> Aim of the task:
In your copy of the data, omit the pictures and keep all else exactly as given.

Available data below:

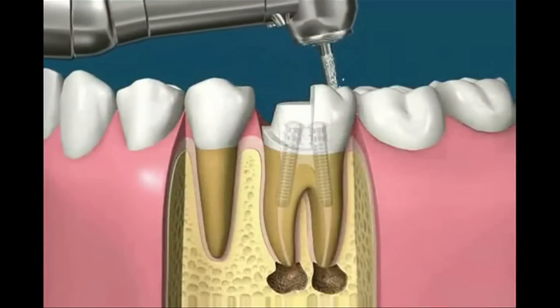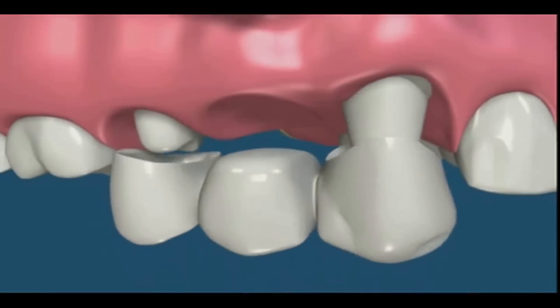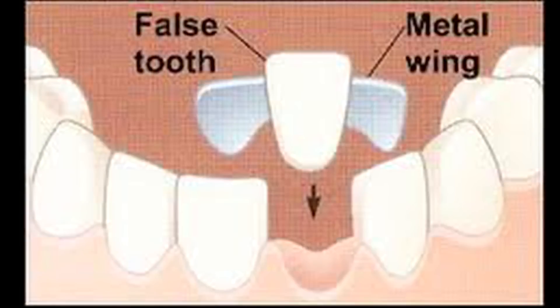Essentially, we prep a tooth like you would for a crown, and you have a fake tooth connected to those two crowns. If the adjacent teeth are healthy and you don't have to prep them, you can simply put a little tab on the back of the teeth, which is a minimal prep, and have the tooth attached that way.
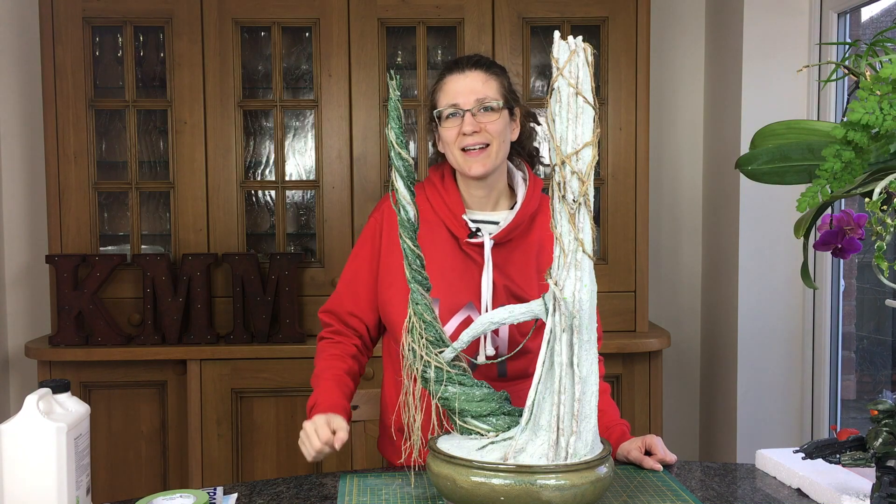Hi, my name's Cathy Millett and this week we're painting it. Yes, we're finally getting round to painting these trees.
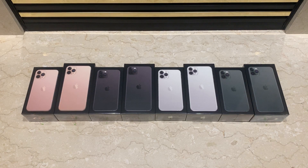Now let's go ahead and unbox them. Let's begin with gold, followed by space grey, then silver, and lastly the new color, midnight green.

End of Available data.

> Completed task:
Essentially, we prep a tooth like you would for a crown, and you have a fake tooth connected to those two crowns. If the adjacent teeth are healthy and you don't have to prep them, you can simply put a little tab on the back of the teeth, which is a minimal prep, and have the tooth attached that way.
Hi, my name's Cathy Millett and this week we're painting it. Yes, we're finally getting round to painting these trees.
Now let's go ahead and unbox them. Let's begin with gold, followed by space grey, then silver, and lastly the new color, midnight green.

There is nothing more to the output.